Admittedly, international statistics on these matters are known to be subject to wide margins of error. Observing all due caution, though, it is now possible to embark on quantitative studies on the links between human rights and economic development.

Recently I looked at countries which, in 1970, were 51 of the world's poorest; that is, countries with the lowest per capita incomes. They are overwhelmingly in Asia and sub-Saharan Africa. I studied their civil and political rights indices and their socio-economic indicators for the decade of the Seventies. It emerges that, on average, those countries in the sample which had better records on civil and political rights also enjoyed greater improvements in national income per head, life expectancy at birth and the infant survival rate.

This finding is consistent with the liberal-democratic viewpoint that has shaped much of the social, economic and political philosophies of the West. It is also consistent with the European experience since the end of the Second World War.

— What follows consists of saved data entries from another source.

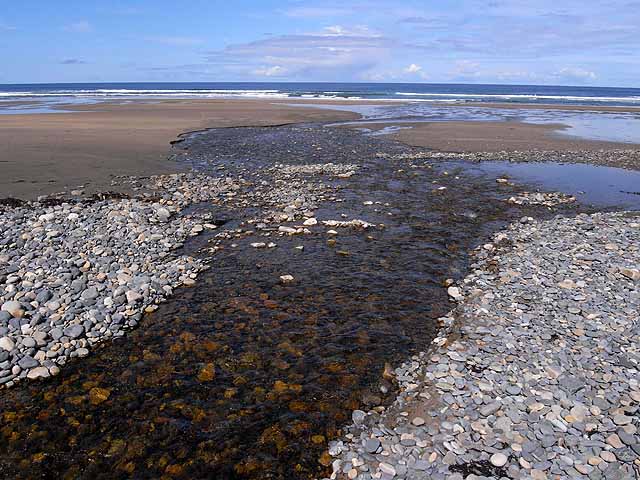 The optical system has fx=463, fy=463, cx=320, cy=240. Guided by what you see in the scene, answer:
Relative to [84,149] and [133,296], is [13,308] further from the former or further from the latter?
[84,149]

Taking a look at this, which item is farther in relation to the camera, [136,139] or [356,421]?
[136,139]

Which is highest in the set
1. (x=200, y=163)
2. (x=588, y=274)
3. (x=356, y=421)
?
(x=200, y=163)

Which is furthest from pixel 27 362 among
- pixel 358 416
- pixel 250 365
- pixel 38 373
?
pixel 358 416

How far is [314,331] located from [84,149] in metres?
21.8

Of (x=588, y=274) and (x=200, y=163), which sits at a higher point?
(x=200, y=163)

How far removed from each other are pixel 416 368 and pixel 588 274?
5.46 m

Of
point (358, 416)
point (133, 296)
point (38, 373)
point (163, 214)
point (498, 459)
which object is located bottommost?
point (358, 416)

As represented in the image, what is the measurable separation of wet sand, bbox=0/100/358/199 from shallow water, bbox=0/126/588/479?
26.6 feet

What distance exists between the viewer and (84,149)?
2525cm

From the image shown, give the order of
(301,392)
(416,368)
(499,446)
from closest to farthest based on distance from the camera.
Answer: (499,446) → (301,392) → (416,368)

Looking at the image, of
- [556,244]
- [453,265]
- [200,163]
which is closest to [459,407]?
[453,265]

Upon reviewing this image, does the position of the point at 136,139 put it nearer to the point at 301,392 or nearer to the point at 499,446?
the point at 301,392

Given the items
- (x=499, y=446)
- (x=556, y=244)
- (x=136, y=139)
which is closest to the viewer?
(x=499, y=446)

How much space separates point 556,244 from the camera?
1271 centimetres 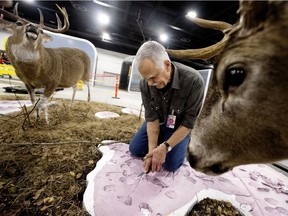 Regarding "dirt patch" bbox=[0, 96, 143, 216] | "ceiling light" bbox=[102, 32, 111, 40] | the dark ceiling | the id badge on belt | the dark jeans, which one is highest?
the dark ceiling

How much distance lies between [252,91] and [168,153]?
146 cm

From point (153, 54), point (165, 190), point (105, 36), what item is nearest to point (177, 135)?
point (165, 190)

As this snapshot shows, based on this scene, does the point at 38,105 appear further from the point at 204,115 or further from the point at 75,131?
the point at 204,115

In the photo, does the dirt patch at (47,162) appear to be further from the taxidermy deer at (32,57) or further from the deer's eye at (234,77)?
the deer's eye at (234,77)

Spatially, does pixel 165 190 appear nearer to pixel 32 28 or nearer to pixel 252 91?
pixel 252 91

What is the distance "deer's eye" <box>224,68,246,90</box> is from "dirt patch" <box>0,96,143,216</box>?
4.13 feet

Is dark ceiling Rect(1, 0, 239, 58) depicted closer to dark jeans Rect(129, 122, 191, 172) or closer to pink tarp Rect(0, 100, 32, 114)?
pink tarp Rect(0, 100, 32, 114)

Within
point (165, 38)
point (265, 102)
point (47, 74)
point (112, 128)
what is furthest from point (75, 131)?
point (165, 38)

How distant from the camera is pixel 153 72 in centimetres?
158

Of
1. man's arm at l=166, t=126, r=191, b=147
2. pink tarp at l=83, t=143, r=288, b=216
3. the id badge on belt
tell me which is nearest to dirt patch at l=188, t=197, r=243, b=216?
pink tarp at l=83, t=143, r=288, b=216

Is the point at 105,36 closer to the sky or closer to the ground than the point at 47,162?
closer to the sky

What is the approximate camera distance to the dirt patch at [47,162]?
4.17 feet

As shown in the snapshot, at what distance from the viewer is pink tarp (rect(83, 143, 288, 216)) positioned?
1336 mm

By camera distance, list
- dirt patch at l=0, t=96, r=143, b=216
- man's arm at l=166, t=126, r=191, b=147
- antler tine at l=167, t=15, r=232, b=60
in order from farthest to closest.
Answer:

There was, however, one rogue index. In my sample, those countries with better records on human rights during the Seventies performed worse, on average, in improving literacy. I have no compelling explanation for this oddity, except to suggest perhaps that literacy has been used by a number of states to promote the acceptance of established order.

One of the arguments repeatedly used to counter the ethical force of findings such as those I am reporting is that political and civil rights indices merely reflect the well-known liberal obsession with the individual; in other words, they are culturally specific. At the UN conference, we can expect to hear from many representatives of established orders in poor countries that their religious and cultural assumptions must be respected, and that common standards for human rights ought therefore to be resisted.

It is not easy to know how best to respond to this. Perhaps the most direct response is that a concern with income per head and mortality tables (which rulers and elites everywhere regard as relevant statistics) reflects just as great a concern with the individual.

In any event, the following are uncompromising facts: it is individuals who suffer from malnourishment, who fall ill, who grieve, who bear children, who have no political voice, who are prevented from having any ambition, who are tortured, and who die. It is fatuous to make a plea for one sort of concern and not for the others.

My findings are statistical. It is simply no good to argue against their force by citing a small number of countries where citizens have had their political and civil liberties severely restricted, and where economic growth has been spectacular - then to cite India as a case in contrast.

There is no policy prescription deriving from such examples as Singapore and South Korea. It is absurd to tell citizens to establish a one-party system or locate for themselves reliable and efficient dictators. 'Good authoritarianism' cannot be willed by citizens and bad authoritarian regimes are hard to get rid of.

A central problem with authoritarianism is its lack of incentives for error-correction. A pluralist political system has a chance of providing political competition. This is one of its chief virtues. Of course, if civil order and general civic responsibility have broken down, there is no prescription to be had, one way or the other.

It is important to stress that the correlation between socio-economic development and human rights that I have reported do not imply causation. The data do not tell us that democracy and civil liberties promote economic growth. They do, however, give the lie to the claim that citizens of poor countries must forgo these freedoms if they desire economic betterment. This is surely something eminently worth knowing.

The author is professor of economics at the University of Cambridge and Fellow of St John's College, Cambridge. He is the author of 'An Inquiry into Well-Being and Destitution', to be published by Clarendon Press, Oxford, later this month.